R.I.P., Texas Oil - Here Comes the Sun

Inside the plot to make the Lone Star State a solar powerhouse.

By Bruce Sterling

 

The modern petroleum industry was founded in 1901 in Spindletop, Texas, and the subsequent century of gushers made Texas a byword for oil worldwide. Today the Lone Star State imports more crude than it exports, and 21st-century oil has become a byword for jihad. Thus Austin, a city governed not by oil people but by picky tech geeks, is looking for a better way to live.

Illustration by Scott Menchin
Illustration by Scott Menchin
With Texas oil barons ensconced in Washington, the capital of their home state should be free to pollute everything in sight. But that's not happening. Austin's most backward fossil fuel-burning power plant, a noisy, smelly relic, has been a persistent source of controversy. And the Environmental Protection Agency has called the city out for excessive smog, threatening its reputation as a livable high tech mecca. So in December, Austin announced its intention to become the clean energy capital of the world. If the mayor, city council, local power utility, and chamber of commerce have their way, by 2020 Austin will achieve record growth without adding to the atmosphere's CO2 burden.

Austin's gambit is a multidecade plan to pioneer industrial solar energy on only a few million dollars a year. The scheme is speculative, but the idea is to attract a crowd of alternative-energy startups and patent-spewing R&D outfits so as to make some bucks off something-or-other when, and if, it becomes practical. A zero-energy housing subdivision will serve as a demo, creating as much solar as it uses from all other sources, and all over town schools and libraries will be retrofitted with solar panels. If the plan works, 20 percent of the city's energy will be renewable, and 15 percent will come from enhanced efficiency by 2020.

Illustration by Emek
Illustration by Emek
A minute's work on the back of an envelope suggests that Austin's plan is a daring long shot. So far, solar satisfies a whopping 0.1 percent of the nation's energy requirement. It costs five times as much as fossil fuels - though it cost 50 times as much in the 1970s, so the trend line looks good. The silicon needed for solar panels is expensive, though not necessarily for Austin, a town full of vacant chip fabs since the tech bubble burst. But even if the whole city were paved in solar panels, it would take a wondrously smart and nimble utility to shuffle the resulting energy to meet demand. And there's a pressing need for a new business model. When a power company's customers become its producers, too, who pays for maintenance? Who inspects what? Who do you sue?

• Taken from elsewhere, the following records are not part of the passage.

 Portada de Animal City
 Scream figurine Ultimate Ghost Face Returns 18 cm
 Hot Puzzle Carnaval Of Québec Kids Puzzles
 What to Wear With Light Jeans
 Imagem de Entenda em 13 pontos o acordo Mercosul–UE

On the other hand, solar is the one kind of power Austin has plenty of. Texas oil and gas are running out. There's lots of wind power in the state's gusty western hills, but not inside Austin city limits. And solar looks lovely compared with nuclear energy, which was supposed to run Austin ratepayers $160 million and ended up topping $1.5 billion.

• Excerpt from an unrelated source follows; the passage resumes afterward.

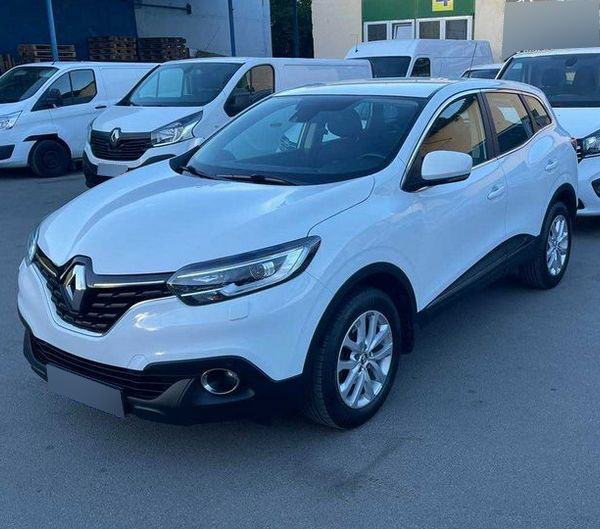 renault kadjar 2016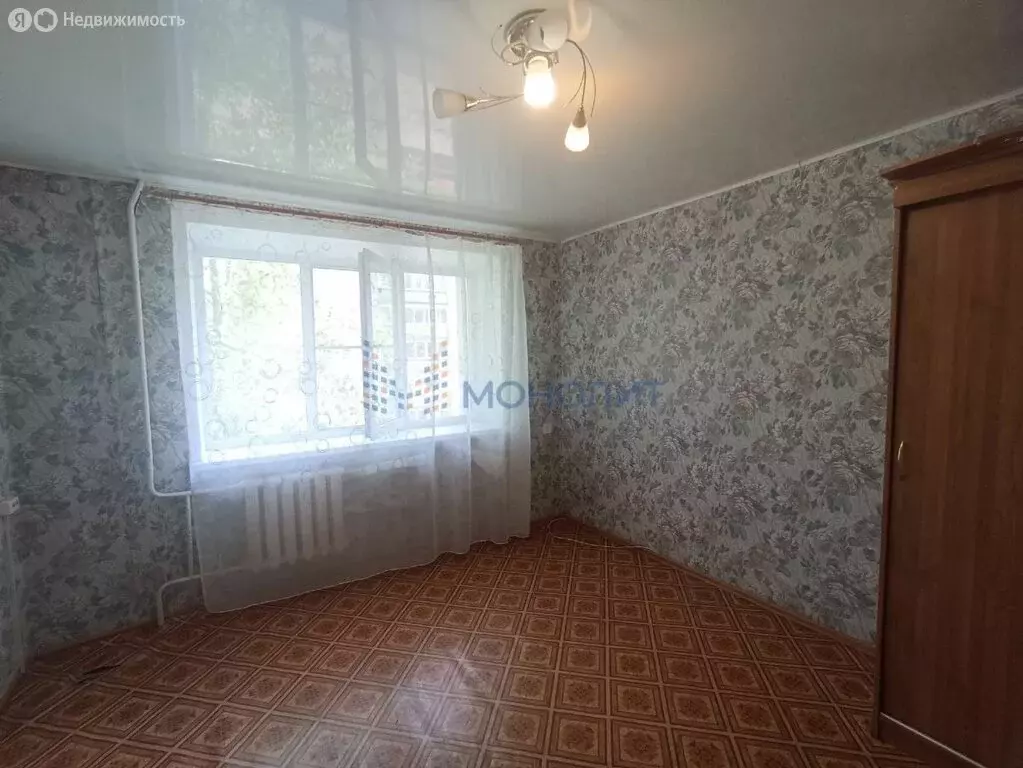 1к в 9-комнатной квартире (13.6 м) - Фото 1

Solar has other would-be capitals. Los Angeles, Sacramento, San Antonio, Tokyo, and Freiburg, Germany, have struggled to move solar from niche to mass market. But making photovoltaic cells competitive with fossil fuels is tricky - politically, economically, and technologically. California, once the natural leader in such efforts, boldly deregulated its power utilities, then went so spectacularly bust that it ended up with a new governor whose first impulse was to freeze tax rebates on solar research.

But the challenge isn't about developing hardware; it's about creating a smart support system for tomorrow's smart utilities. Austin is betting there will be a profitable sweet spot at the intersection of energy grids, digital networks, chip fabs, and solar panels. It reasons that developing innovative technology is the best way to find fat profit margins that won't be offshored overnight.

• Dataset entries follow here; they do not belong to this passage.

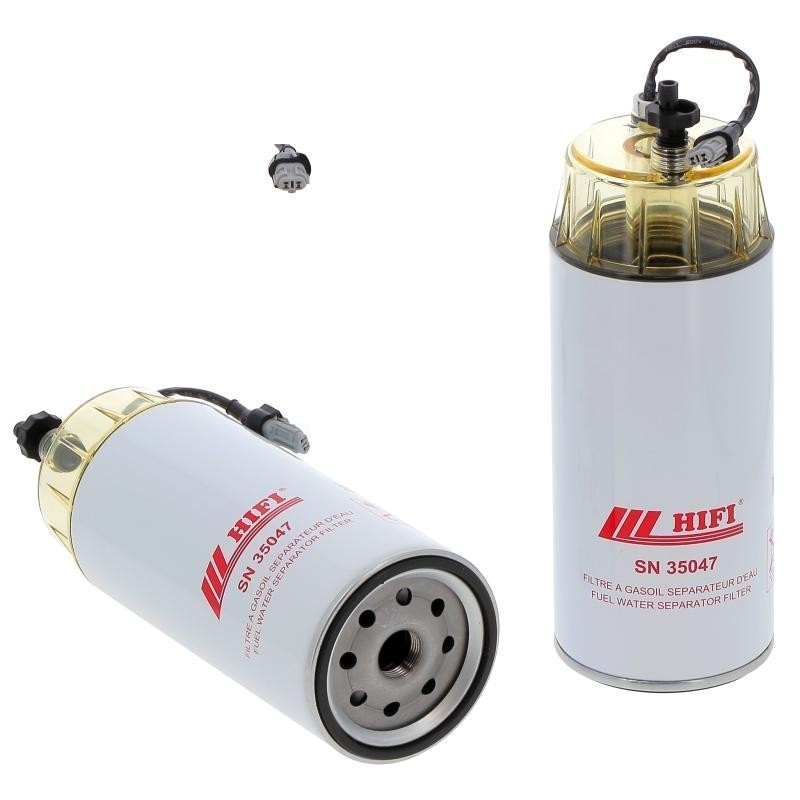 FUEL WATER SEPARATOR FILTER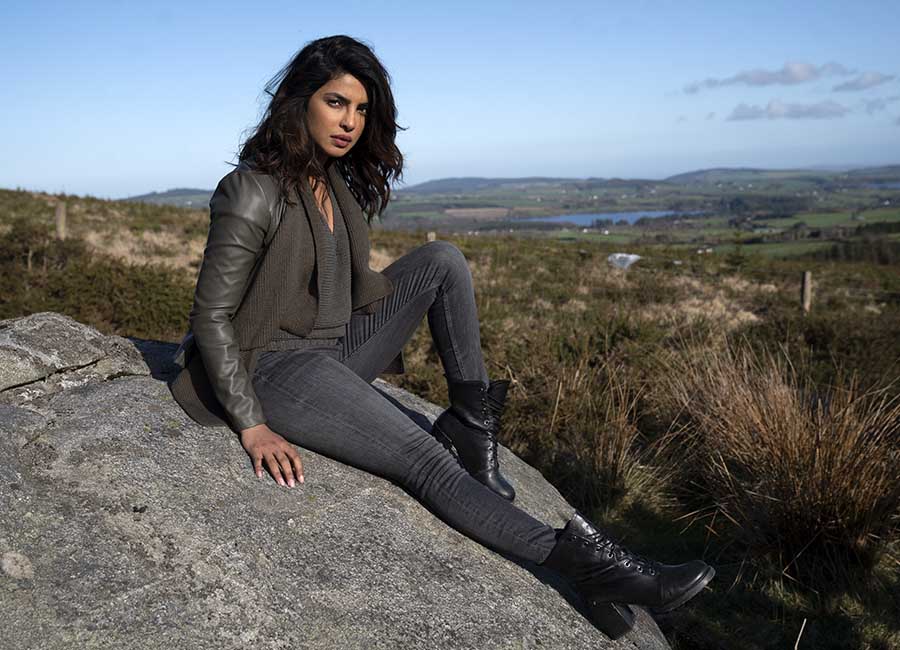 Priyanka Chopra Jonas recounts Irish coffee-fuelled adventure in Dublin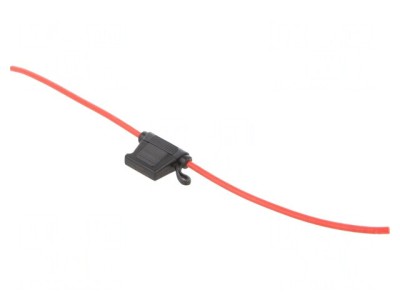 Clemă cablu 30A PVC IP66 foto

The city has made similar bets that paid off. In software, chips, music, and even movies, the self-styled City of Ideas has enjoyed modest but persistent success. Even if solar fizzles, there's bound to be money in spinoffs. Plus, if you fill the town with greens, the green city council is likely to stay in control no matter what the economy does.

Tech development is always hard to forecast, but any place that loudly calls itself the clean energy capital of the world is sure to attract inventive people who want to tackle environmental crises instead of merely moan about them in some remote global forum, Kyoto-style. Lure them from around the planet, give them a headquarters, polish them up with generous funding and a progressive vision, and maybe you can bottle and sell the sparks.